Recuerdos cuaresmales
Recuerdos cuaresmales
Nada como aquel trozo de tortilla en la fiambrera que mi madre
guardaba de un día para otro…
Siempre que tengo hambre, recuerdo aquellos trozos de
tortilla jugosa, ¡faltaría más!, única, de patatas cortadas circulares, de ajos
tiernos o de espárragos de temporada. Ya saben: “los de abril para mí, los de
mayo para el amo y los de junio para el burro”. Quizá no haya para mí un bocado
más celebrado; no recuerdo si por la niñez, si por el detalle de cariño de mi madre
o por la novedad de encontrar aquel trozo de tortilla como una sabida sorpresa.
Lo recuerdo siempre que tengo hambre, sí. Y cuando deseo que Soledad, mi
señora, me lo ponga para cenar como para sorprenderme. Y lo recuerdo desde el
otoño alto a la primavera baja y en las noches de tertulia veraniega con sabor
de tierras altas y a sal de mar. Nada como aquel bocado.

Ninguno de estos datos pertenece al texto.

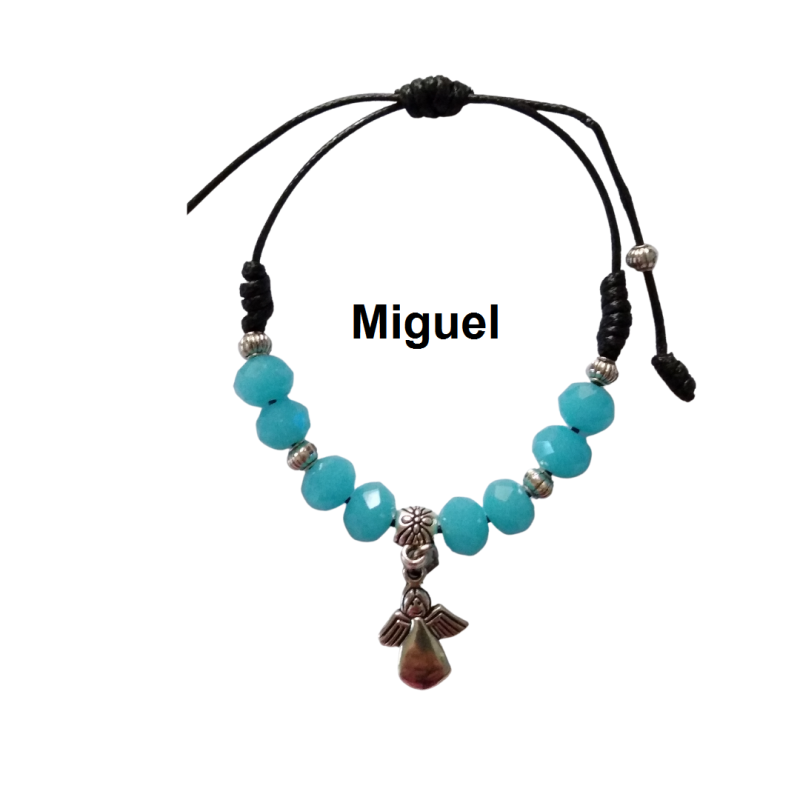 Pulsera Swarosvky Arcángel/ángel Miguel, cordón (Amuletos y talismanes)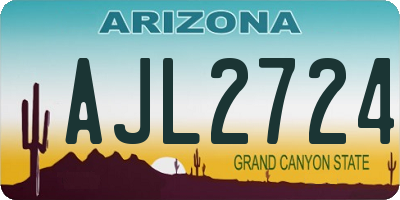 AZ license plate AJL2724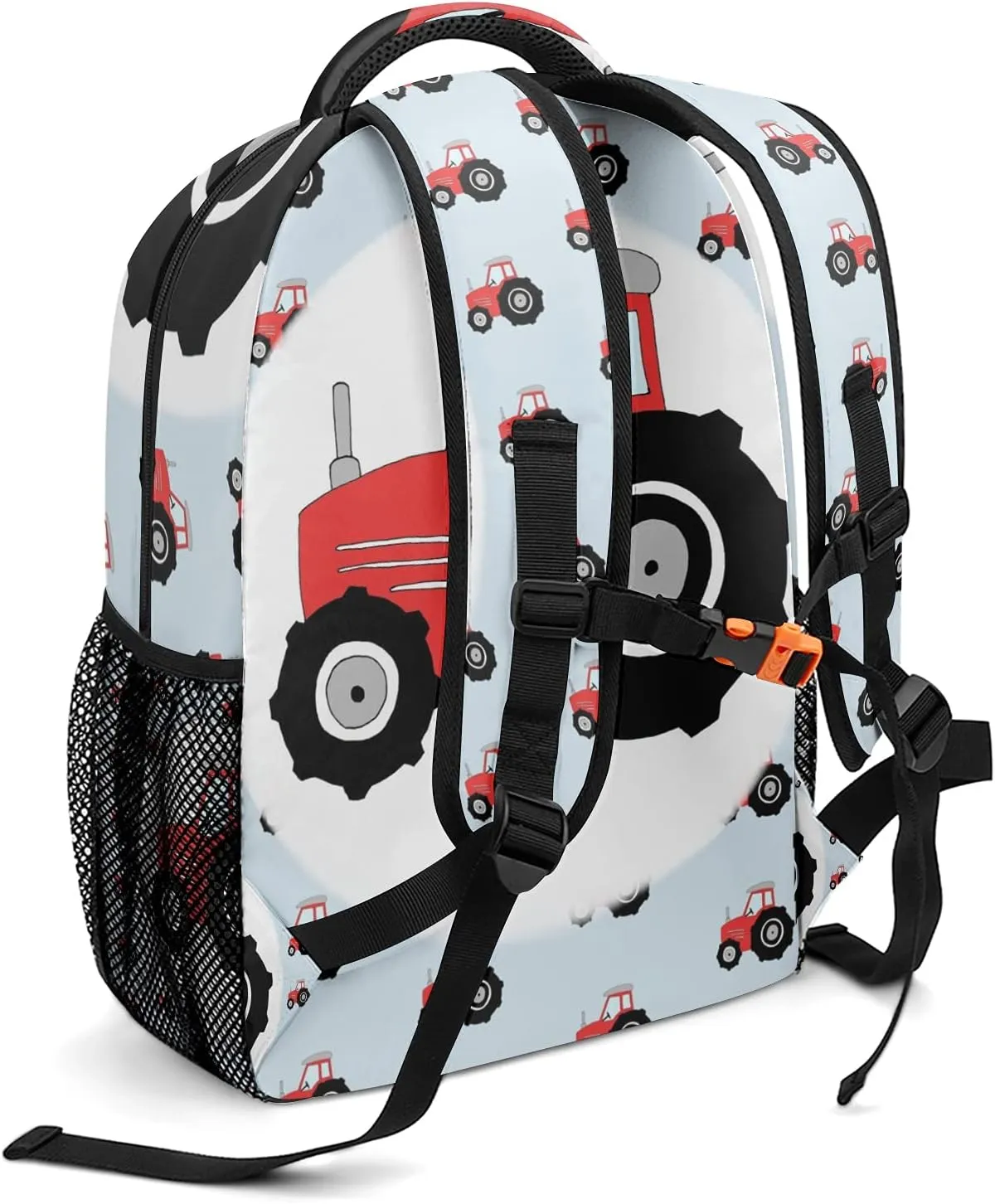 Personalized Red Black Tractor Pattern Backpack School Bag with Name Waterproof Travel Daypack Bag for Man Woman Gifts 12.2 x 5.9 x 16.5 inch (LxWxH)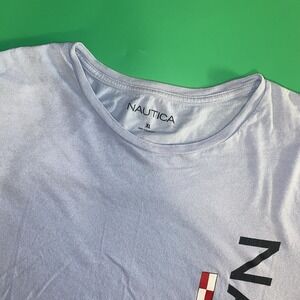 Nautica Men's XL Blue Crew Neck Short Sleeve Pullover Graphic Print Logo T-Shirt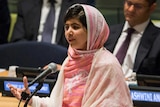 Malala Yousafzai speaking at the UN Youth Assembly on July 12, 2013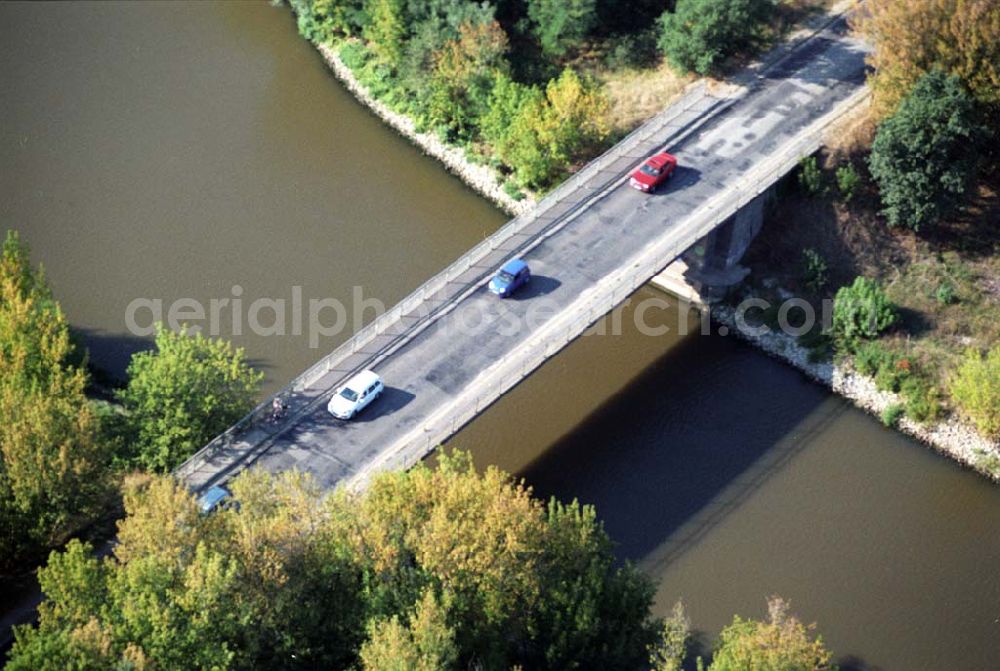 Wusterwitz from the bird's eye view: Blick auf die Wusterwitzer Brücke am Elbe-Havel-Kanal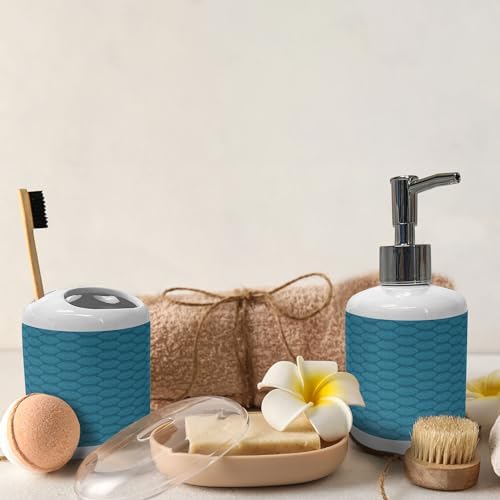 Ambesonne Egg Soap Dispenser Toothbrush Holder Set 1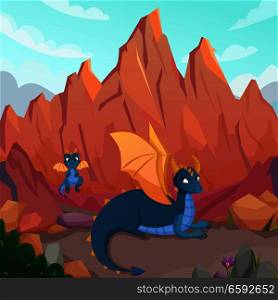 Fairy dragons composition with canyons landscape and cartoon characters of dragon family mother and kid vector illustation. Dragons Family Cartoon Composition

Estos tiempos de primavera alta tienen en la morada de
mi memoria un cuasi pecaminoso olor a miel. Los mieleros, un hombre y una
mujer: Florián y Digna, mieleros, hueveros y pieleros de un pueblo cercano a la
tribu, Igea, que venían andando hasta mi vecindario con una cántara de miel y
su mimbrera de huevos, de los de corral, para hacer trueque y ganarse unas
cuantas perrillas. Cuando la Digna mielera metía el cazo en su cantarilla de
miel y lo echaba en la lechera de cristal donde las mujeres del vecindario la
guardaban, dulces pájaros con cuerpo de torrijas, alas de papachas y plumaje de
hojuelas y pestiños adornados con el color amarronado de la canela volaban por
el aire de las cocinas de las casas gravaleñas.
Estos placeres de la mesa llegaban al pueblo, a mi
pueblo, ahora, en Semana Santa o justo cuando el campo empezaba a dar pequeñas
glorias, empezando en la miel, el arroz con leche, perfectamente acanelado,
siguiendo con la leche frita que freían las mujeres y nos las ofrecían nuestras
madres que parecían sacadas de un cuadro de jolgorio san juanero; y aquellas
menestras que se cocinaban esparragadas, con el sabor intacto de sus guisantes,
ay, verde sueño de canicas infantiles rodando por la mesa como traviesos
animalillos esféricos, con carne, cuando la había, y con todo el sabor intacto
del majado. ¡Qué majados! Y esas habas, las primeras, que se venían, tiernas y
verdeclaro, guardadas, dormidas, como niños de cuna en la franela de la vaina,
y que en el reguero de la mesa de comer ponían un clamor de sabores
primaverales y únicos. Y seguían las lechugas, aquellas lechugas que hoy no
encuentro, al menos en su sabor, y que, con el cocido, ponían una compañía de
ensalada. Y el bacalao, a la riojana, a la vizcaína, al pil-pil o en
ajoarriero, pez que nadaba en las cuaresmales aguas de la vigilia…
Y ahora, aquí quedo, junto al mar, esperando a los
placeres de la primavera alta que ya vienen sabrosos, vistosos, hermosamente
verdes, con una trompetería agraria de niños con ababoles en medio de la
cebada, zumbidos de abejas, juego y vuelo de pájaros y aviso de más placeres en
el color incomparable de algunas plumas que empiezan a colorear el aire
luminoso.
Pero nada como aquel trozo de tortilla en la fiambrera
que mi madre guardaba de un día para otro. Habla el bacalao, el poeta le cede
la palabra. Pero es lo cierto que nadie como este modestísimo pez ha hecho
tanto por la forma poética, que no desaparecerá mientras el bacalao se conserve
tan salado y curado como hasta ahora.
¡Otra condición que no tienen muchos autores! ¡La de ser salado! ¡Y la
de conservarse! Esto es la Gloria Y quien lo ha vivido, lo sabe...
“Esta es la flor de la Escocia,
como no hay otra en Madrid;
me llevan pobres y ricos
¡y hasta la Guardia civil!
Soy mejor que la gallina,
y el que me prueba, me lleva,
y tengo más hermanitos
en el fondo de la cueva”.
Y al final, por favor, dejen sitio para el arroz con
leche, también el de mi madre, por supuesto. Vale.